Pete Droge – Busy being born
In the beginning, for aspiring young singer-songwriters, it’s generally all about writing a few tunes, rehearsing them with a band, getting some gigs, booking some studio time…and, if you’re lucky, there’s a record deal, followed by a long stretch of touring.
What comes of all that is a crap shoot, and mostly not under your control, particularly given the modern minefield of radio play. But there are other ways to get your music heard. Movies, for instance.
It worked for Pete Droge. As a mid-twentysomething upstart in Seattle sporting a bag full of catchy, rootsy original material at the peak of the grunge takeover, Droge easily could have been lost in the shuffle when his 1994 debut Necktie Second came out on American Recordings — if not for the prime placement of his song “If You Don’t Love Me, I’ll Kill Myself” in Jim Carrey’s box-office blockbuster, Dumb And Dumber.
The movie may have lived down to its title, but the millions who went to see it heard Droge’s tune in a prime spot during the film, and again over the closing credits. Lyrically clever and driven by an instantly memorable melody, “If You Don’t Love Me” gave Droge the kind of career boost out of the gate that few artists are fortunate enough to receive.
“I remember specifically when I was told it was going to be in there, and I was like, oh, that’s cool, great,” Droge shrugs, recounting his relative indifference at the time. “I had no idea. And it’s like, ‘Oh, they’ve got a $20 million advertising budget.’ I’m like, oh, that’s cool, is that a lot? ‘Jim Carrey, he’s a big star, he’s gonna be huge.’ I’m like, oh, OK.
“I really had no idea of the staying power of a movie like that, and what that meant. You know, the song’s played again on the end titles; and then, the next thing that everybody wants is to be the lead single from the soundtrack album. To even be on the soundtrack album, everybody wants that, and then to be the single from the soundtrack — all that happened. I had no idea that these were the things that everybody was fighting tooth and nail to get.”
If all Droge gained from the experience was a music-biz lesson, it would have been plenty worthwhile — but it turns out that movies have affected the craft of his art as well. His increasing awareness of the relationship between music and film (he followed that first break with the title song in Matt Dillon’s 1996 film Beautiful Girls, and he had a brief cameo in Cameron Crowe’s Almost Famous) eventually led him to the realm of creating musical scores for independent films.
Droge’s scores adorned the 2002 indie Tattoo, A Love Story and 2003’s Catching Out.

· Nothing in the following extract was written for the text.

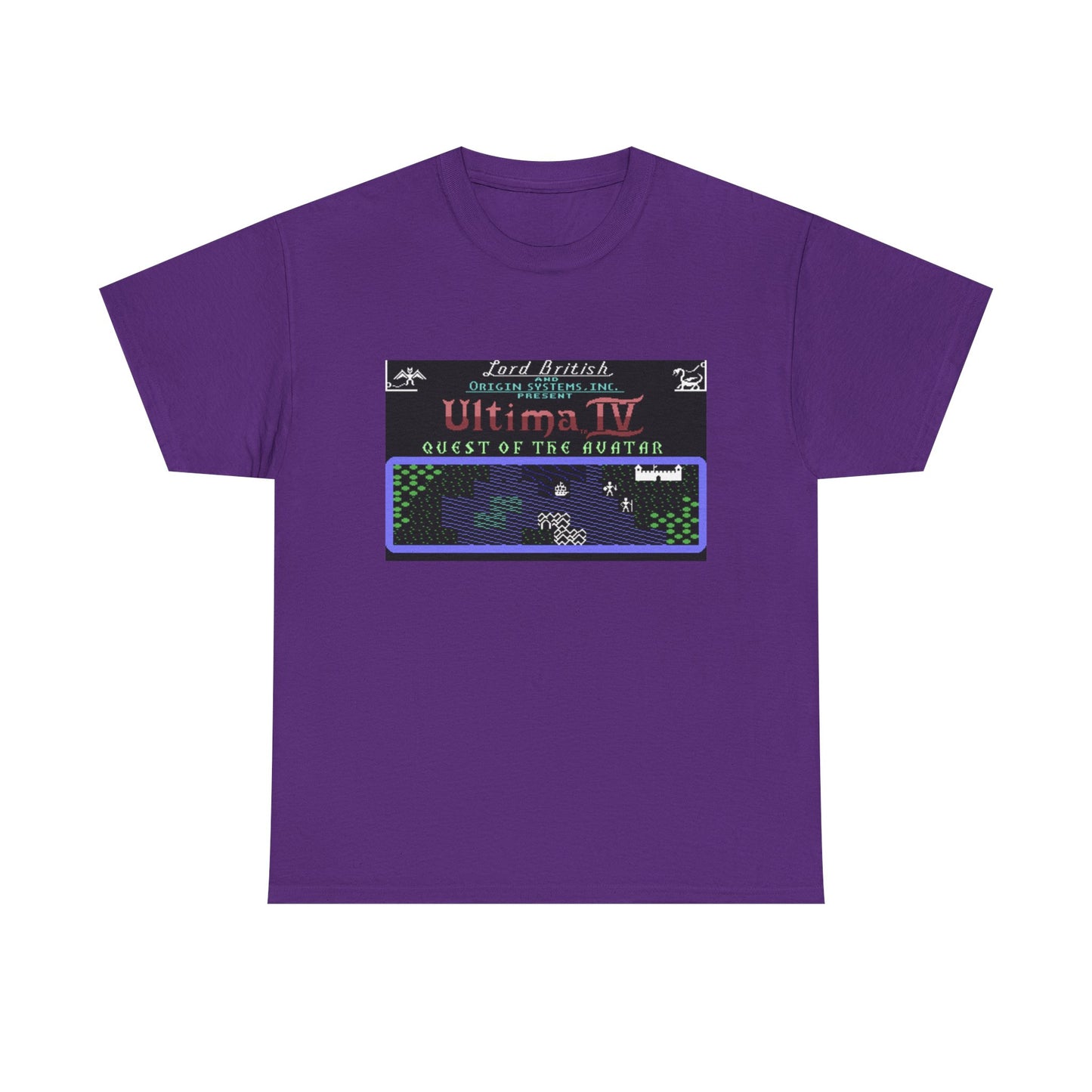 Ultima IV: Quest of the Avatar Commodore 64 Title Screen Tee – Classic C64 RPG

The exercise of writing instrumental passages and interludes, rather than lyric-based songs, helped to transform his own music. The impact is evident on Under The Waves, Droge’s fifth solo album, released August 15 on his own Puzzle Tree Records.
“I think it changed the way that I approach melody,” Droge offers. “The record was really sort of influenced by scoring, in that I wanted the music beds to hold up as instrumental tracks, and arrangement-wise to stay out of the way of the vocal — which is what you do with scoring.
“You can’t put a bunch of stuff in the midrange area, because people are talking. If you put all the instruments in the same range where speech recognition is, you end up with a score that they’re just gonna turn way down. So you arrange things to stay out of the way of the dialogue….That idea applied to songwriting was exciting, because you end up with tracks where there’s immense space for the vocal to sit on top of the mix.”
He points to the new album’s “Butterfly” as a prime example, and it’s clear to hear what he’s talking about. Where Droge’s 1990s major-label work tended toward sonically dense and layered arrangements, the elegant guitar opening to “Butterfly” floats in crisp and clean like a cool breeze blowing across the northern lights. The elegant, bittersweet lyrics — “Don’t be afraid to leave the ground/When you land you won’t make a sound” — glide above the music as gracefully as the song’s namesake.